Deep Creek is a tributary of Pine Creek in Schuylkill County, Pennsylvania, in the United States. It is approximately 22.9 mi long and flows through Barry Township, Hegins Township, and Hubley Township. Its watershed has an area of 31.80 sqmi. Major tributaries of the creek include Hans Yost Creek.

==Course==
Deep Creek begins in Beury's Lake, a lake in Barry Township. For several miles, the creek flows southwest in a valley between two mountains. Along the way, it receives the tributary Hans Yost Creek. A short distance downstream of that, it exits Barry Township. Upon leaving Barry Township, the creek enters Hegins Township. Here, it flows through a valley between Little Mountain and Mahantango Mountain. Once the creek passes the end of Little Mountain, it enters a valley between Good Spring Mountain and Mahantango Mountain. It shares this valley with Pine Creek. Deep Creek meanders west for several miles, eventually leaving Hegins Township. Upon leaving Hegins Township, the creek enters Hubley Township.
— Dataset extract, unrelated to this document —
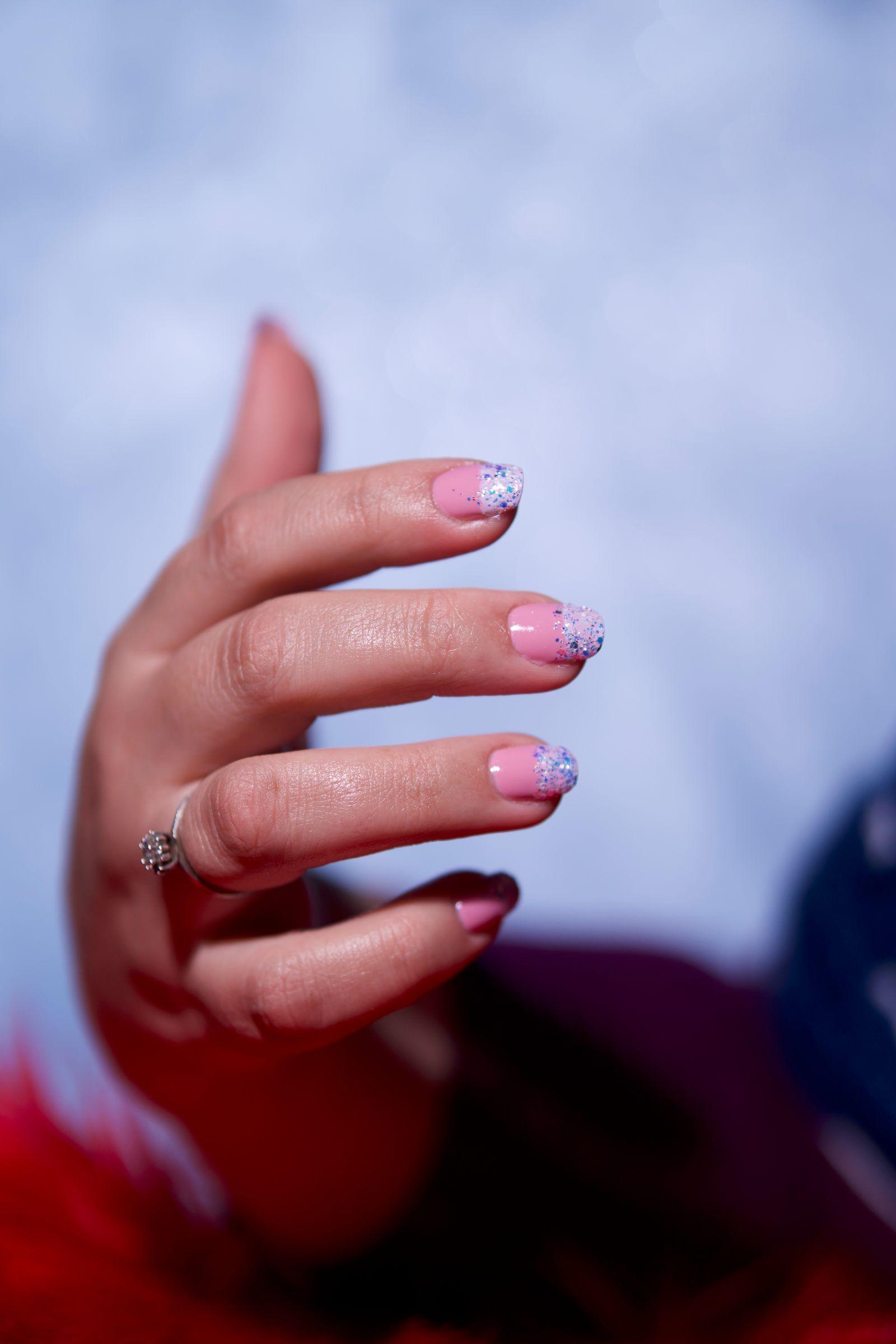 Soft pink nails with delicate glitter detailing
It continues meandering west for a few miles until it reaches its confluence with Pine Creek in the central part of the township.
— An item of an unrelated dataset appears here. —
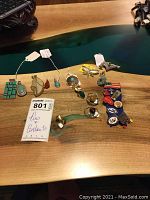 Six pendants and multiple pins displayed on a wooden table with tags and MaxSold label present.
Deep Creek joins Pine Creek 8.14 mi upstream of its mouth.

==Geography, geology, and climate==
The elevation near the mouth of Deep Creek is 577 ft above sea level. From river mile 18 to river mile 15.5, the creek's elevation decreases at a rate of 8 ft per mile. From river mile 15.5 to the mouth, its elevation decreases at a rate of 20.6 ft per mile.
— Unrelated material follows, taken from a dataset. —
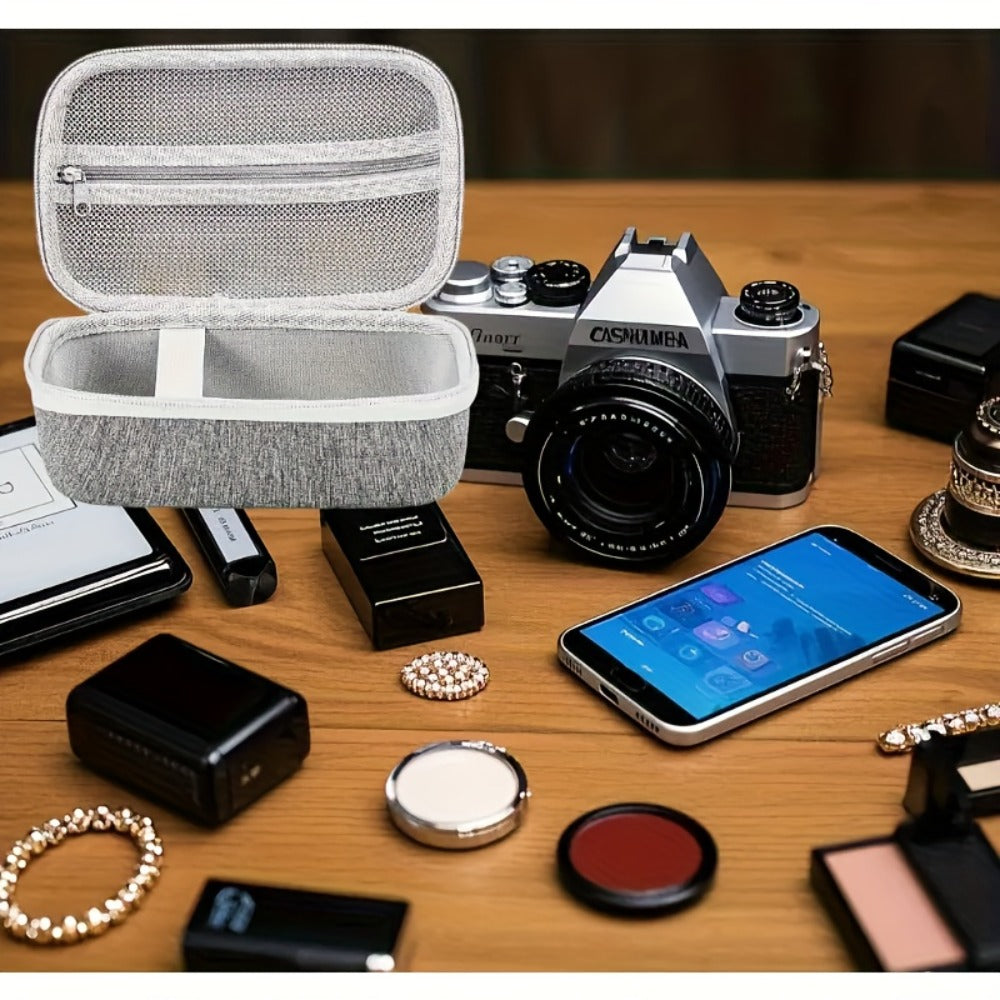 A Gray Hard Shell Storage Bag Made of EVA, Featuring Pockets And Multiple Compartments, Perfect for Travel And for home Use, Designed for Handheld Nebulizers, Humidifiers, Facial Steamers, And Pore Vacuum Cleaners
Deep Creek is relatively shallow. It has pools and riffles and its bottom is cobbled.

The topography of the watershed of Deep Creek is described as "rough and hilly" in a 1921 book. The creek's channel is tortuous. Rock formations made of limestone and shale are present along it.

The average level of precipitation in the watershed of Deep Creek ranges from 45 to 50 in per year.

==Watershed==
The watershed of Deep Creek has an area of 31.80 sqmi. The watershed is in western Schuylkill County. It is part of the middle main Susquehanna basin. The creek mostly is in rural areas and is surrounded by forest for large portions of its length. Mountain ranges flank the watershed.

A weir is located on Deep Creek.

==History and recreation==
In the early 1900s, agriculture was the main industry in the watershed of Deep Creek. In 1921, the major communities in the watershed included Valley View, Hegins, and Sacramento. These communities had populations of 580, 400, and 202, respectively.

At least 9.9 mi of Deep Creek are usable for canoeing. Edward Gertler describes the scenery along the creek as "good" in his book Keystone Canoeing.